Hakim dan keledai: Tunggangan yang sangat istimewa

Hakim dan keledai: Tunggangan yang sangat istimewa
unsplash.com - Alfredo Mora

Mengapa Yesus memilih hewan khusus ini? Oleh Stephan Kobes

Waktu membaca: 12 menit

Teriakan hosana bergema di udara. Penonton yang penasaran bergegas dari segala arah untuk melihatnya sekilas. Mereka dengan cepat memotong cabang palem untuk memberi penghormatan kepada pria ini. Bukankah dikatakan bahwa ini adalah raja Israel yang baru? Itu dia datang. Dikelilingi oleh rekan-rekannya yang paling setia, dia mengendarai seekor keledai muda. Namanya adalah Yesus. Anda telah mendengar banyak tentang dia. Apakah sekarang saat yang ditunggu-tunggu ketika dia akan merebut tongkat kerajaan?

Kami tahu adegan itu dengan baik. Ketika dia berkendara ke Yerusalem hari itu, bab terakhir - yang paling penting - dari pekerjaan terobosan hidupnya dibuka di hadapan Yesus. Nabi Zakharia telah mengumumkan bahwa suatu hari seorang raja yang perkasa akan naik ke Kota Suci dengan seekor keledai muda: “Bersukacitalah, hai puteri Sion; bersukacitalah, hai putri Yerusalem! Lihatlah, rajamu datang kepadamu; Dia benar dan Juruselamat, rendah hati dan menunggang keledai, dan menunggang keledai muda.” (Zakharia 9,9:XNUMX)
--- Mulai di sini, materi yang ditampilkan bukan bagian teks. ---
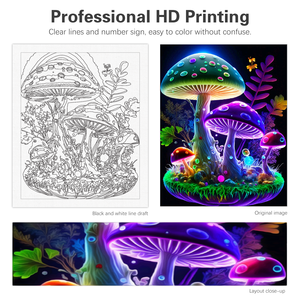 Peinture par numéros moderne 40x50cm, paysage champignon, kit de peinture par numéros, décoration de la maison pour adultes, design de dessin animé de style européen - Product Image 5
Seekor keledai untuk mesias?

Faktanya, hari itu Yesus memilih seekor keledai "yang belum pernah diduduki manusia" (Lukas 19,30:XNUMX). Kemudian, saat dia berkendara ke Yerusalem hari itu, orang banyak yang menunggu melihatnya sebagai tanda pemerintahan Mesias yang akan datang. Tetapi mengapa Tuhan memilih keledai untuk melakukan ini? Apakah Tuhan menghubungkannya dengan tujuan yang lebih dalam? Ada apa dengan hewan ini yang memungkinkannya membawa Raja-Mesias yang telah lama ditunggu-tunggu ke pelantikannya?
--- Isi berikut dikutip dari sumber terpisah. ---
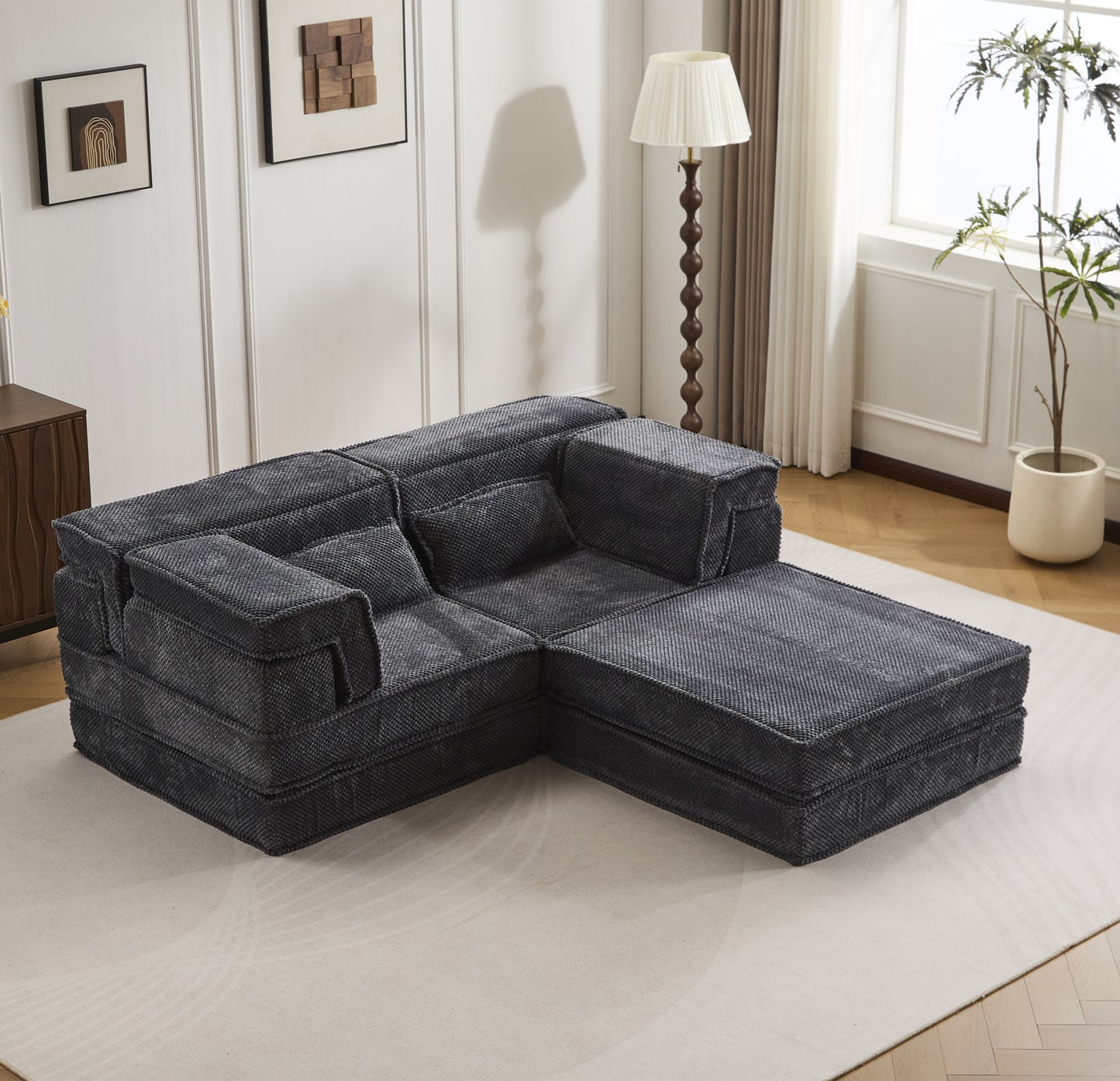 Convertible Floor Sofa Bed - Oversized 2 Seater with Ottoman - Dark Grey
Keledai telah lama menjadi hewan penting di Timur. Sebagai hewan beban dan pekerja keras, itu merupakan bagian integral dari kehidupan sehari-hari (Kejadian 1:42,26; 45,23:1; 16,20 Samuel 2:16,1.2; XNUMX Samuel XNUMX:XNUMX). Terkadang diam, terkadang berteriak keras, keledai itu terlihat dan terdengar di kota dan desa. Orang-orang menghargainya: mau bekerja, tangguh dan dapat diandalkan seperti dia, dia adalah pekerja yang luar biasa. Tapi keledai itu memang jauh lebih dari sekadar porter yang sabar! Makhluk yang hemat, cerdas, dan lembut ini adalah penguasa perubahan sejati: dia bisa menjalani kehidupan yang baik sebagai penguasa stepa yang jauh dari semua peradaban. Tapi dia melepaskan kebebasan itu untuk membedakan dirinya sebagai pelayan umat manusia.
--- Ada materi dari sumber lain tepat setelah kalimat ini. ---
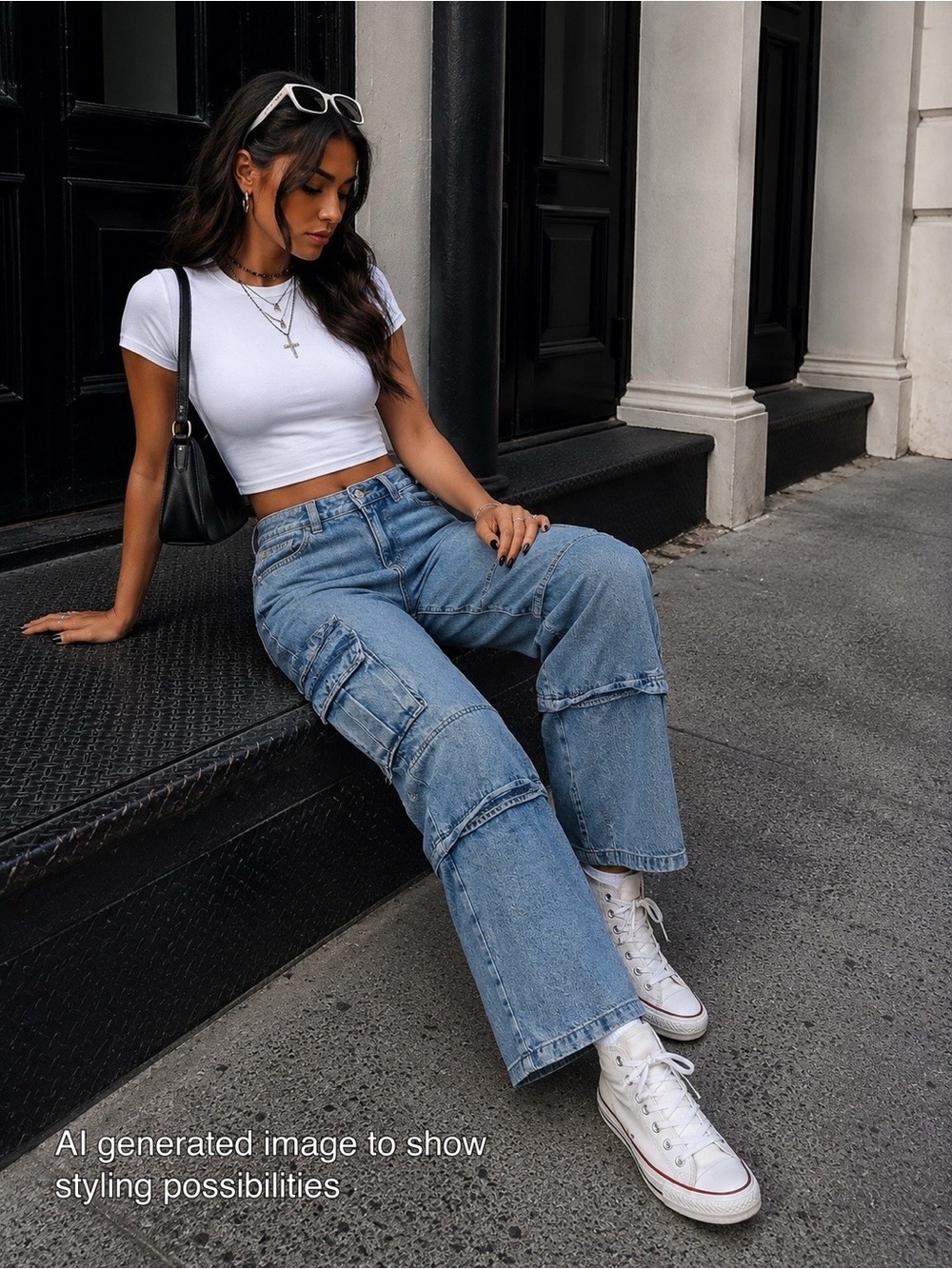 Garage Denim Low Rise Baggy Cargo Jeans - Picture 8 of 8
Dari penguasa menjadi pelayan

Seorang penguasa stepa? Ya! Keledai liar dapat mengatasi kesulitan besar dan melakukan perjalanan jauh. Dia bertahan dengan makanan dan air yang sangat sedikit, dan bahkan dapat menahan panas yang hebat. Kualitas ini memberinya gelar kehormatan "Raja Gurun" di antara para ahli. Berkat kualitas ini, keledai liar juga digunakan dalam Kitab Suci sebagai simbol kebebasan:

»Siapa yang melepaskan keledai liar, yang melepaskan ikatannya. Saya memberinya padang rumput untuk ditinggali, dataran garam untuk ditinggali. Dia menertawakan kebisingan kota, dia tidak mendengar teriakan pengemudi.« (Ayub 39,5:7-XNUMX NIV)

Keledai liar menyukai kebebasan. Dia juga bisa menjalani kehidupan yang sangat baik sendirian. Bukankah menakjubkan bahwa rekan peliharaan seseorang – keledai – selalu ditemukan sebagai pelayan yang setia di sisi manusia? Ya! Namun justru inilah yang membuat keledai begitu istimewa, menjadikannya simbol kerja dan kemajuan yang bernilai.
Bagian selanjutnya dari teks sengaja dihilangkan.